Byzantine-Resilient Zero-Order Optimization for Communication-Efficient Heterogeneous Federated Learning
Maximilian Egger, Mayank Bakshi, Rawad Bitar
TL;DR
CyBeR-0 tackles Byzantine-resilient federated learning under data heterogeneity using zero-order optimization. It introduces transformed robust aggregation performed in the perturbation embedding space, enabled by Johnson-Lindenstrauss embeddings and a shared pseudorandom seed for perturbation directions, achieving drastic communication savings while preserving robustness. The framework supports multiple local ZO epochs, works with common robust rules (CWTM, Krum, NNM), and provides convergence guarantees for non-convex objectives.
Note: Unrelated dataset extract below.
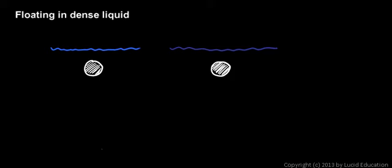So there's more buoyant force because of that. Displacing salt water results in more upward buoyant force than displacing the same amount of fresh water.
Empirical results on MNIST and RoBERTa-large fine-tuning demonstrate strong worst-case robustness with up to seven orders of magnitude reduction in communication and reduced memory usage, making it suitable for resource-constrained edge deployments.
Abstract
We introduce CyBeR-0, a Byzantine-resilient federated zero-order optimization method that is robust under Byzantine attacks and provides significant savings in uplink and downlink communication costs. We introduce transformed robust aggregation to give convergence guarantees for general non-convex objectives under client data heterogeneity. Empirical evaluations for standard learning tasks and fine-tuning large language models show that CyBeR-0 exhibits stable performance with only a few scalars per-round communication cost and reduced memory requirements.